One of the major advantages of fixed deposit schemes is that most are considered nearly risk-free investments. The fixed rate of interest guarantees earnings of a certain amount, based on the principal, and does not require any investment knowledge on the part of the account holder. In the US and many other regions, fixed deposit schemes are backed by government insurance against loss.
Another advantage to fixed deposit schemes is that they provide a higher rate of interest returns than normal savings accounts. While the principal amount cannot be withdrawn until maturity, some plans allow periodic withdrawal of the interest earned by the account. Using a fixed account will help money be more productive in the long run than a traditional savings account, and with less risk than other investment accounts.
A major factor in fixed deposit schemes that may be seen as an advantage or disadvantage is that principal funds cannot be accessed under any circumstances until the account reaches maturity. Putting money in a fixed account is essentially saying good-bye to it for a period of several years. Even in an emergency, the money cannot be reached, although some financial institutions will allow a customer to use a fixed account as collateral for an emergency loan. For people who have a habit of squandering funds, this inaccessibility may actually be an advantage.

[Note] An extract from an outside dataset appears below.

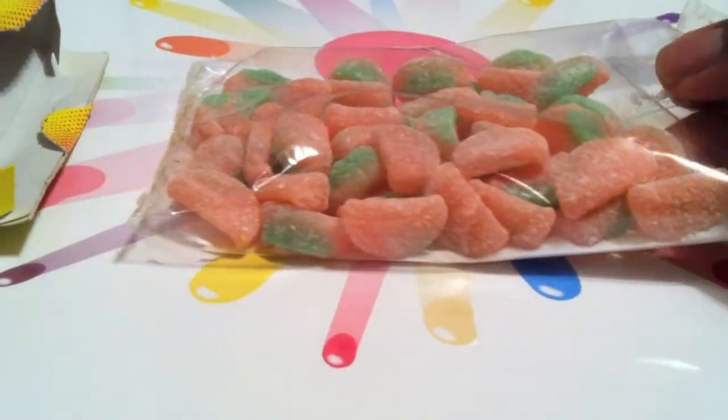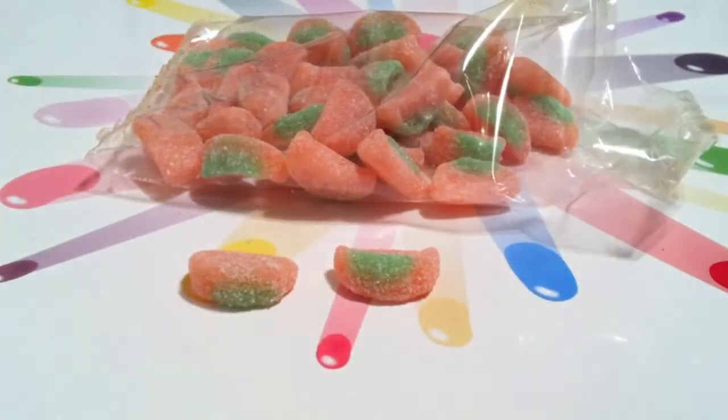Fun fact: Sour Patch Kids have no gelatin, making them fine for vegetarian consumption. You'll find that the watermelon addition is much less sour than either the aforementioned Sour Skittles or Warheads.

Many experts consider the largest disadvantage of a fixed account to be its inflexibility of interest. If interest rates skyrocket due to economic changes, a person who has invested the majority of his savings in a fixed account will not be able to take advantage of new rates. Stuck with the interest rate agreed upon, the account holder may still make money, but may make far less than in a variable rate account when the market is good. On the other hand, if interest rates drop sharply, the investor has the security of knowing that his returns will stay the same regardless of the change.